Search code examples
hashcryptographygenetic-algorithmevolutionary-algorithm

Do hash functions contradict the founding assumptions of Evolutionary Algorithms?


  1. Evolutionary Algorithms use a fitness function to select candidates for survival across generations ("survival of the fittest"). I believe all fitness functions assume that the closer the candidate's value is to the desired value, the closer their input ("key") must be to the desired input.

  2. Cryptographic Hash Functions have the property that "it is infeasible to generate a message that has a given hash". I understand this to mean that there is little or no correlation between the "closeness" of values to the "closeness" of keys.

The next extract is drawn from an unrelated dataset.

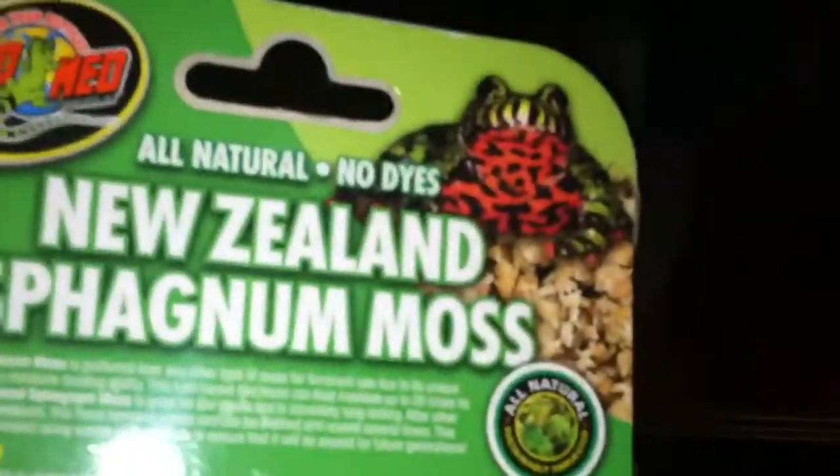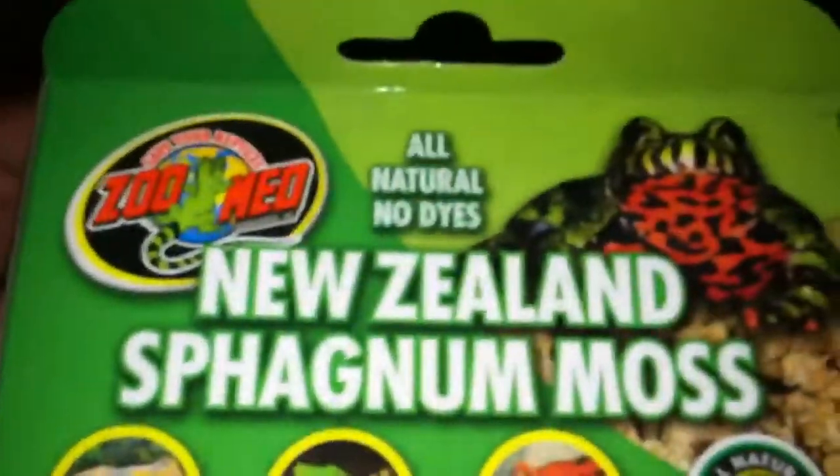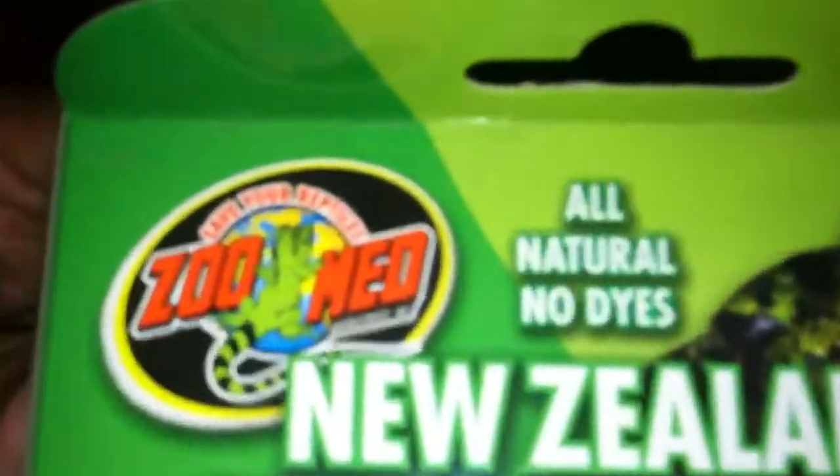It looks great on the floor of your terrarium — it kind of blends in with the aspen bedding, or you can have it hanging. The box says it's good for frogs, geckos, toads, anything really that needs a high amount of humidity.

Putting these two together, doesn't that imply that the "survival of the fittest" assumption is wrong for Cryptographic Hash Functions? Meaning, if you wanted to use Evolutionary Algorithms to try to figure out the reverse of a Cryptographic Hash value, the fitness function would drive you in the wrong direction. Is the correlation between "closeness" of values and "closeness" of keys a prerequisite of Evolutionary Algorithms?


Solution

  • Yes, it's pretty much impossible to construct a fitness function that consistently tells you that value A is closer to the goal than value B based on the output of a (good) cryptographic hash function for all three. That follows from the property you mentioned. So evolutionary algorithms can't speed up reversing cryptographic hash functions for the average case. However, this shouldn't be a surprise: Said property is only useful in the first place because it breaks precisely the approach of evolutionary algorithms (speeding up reversal by looking at hash value similarity).

    Generalizing this, evolutionary algorithms (like all other algorithms that rely on a heuristic to guide their search, e.g. A*) are only useful if you can define a meaningful fitness function (heuristic). Obviously, it is possible to construct problems that don't allow this (e.g. by giving too little information), and it's completely propably that there are some more real-world applications that have the same problem. Evolutionary algorithms don't cure cancer, but again that's no surprise (nothing does, else we'd have moved to a different metaphor).

    On a side note, this fitness function doesn't have to be closeness to any particular value, there are many problems where the fitness can grow indefinitely, e.g. when optimizing code for performance the fitness could be the number of operations per second.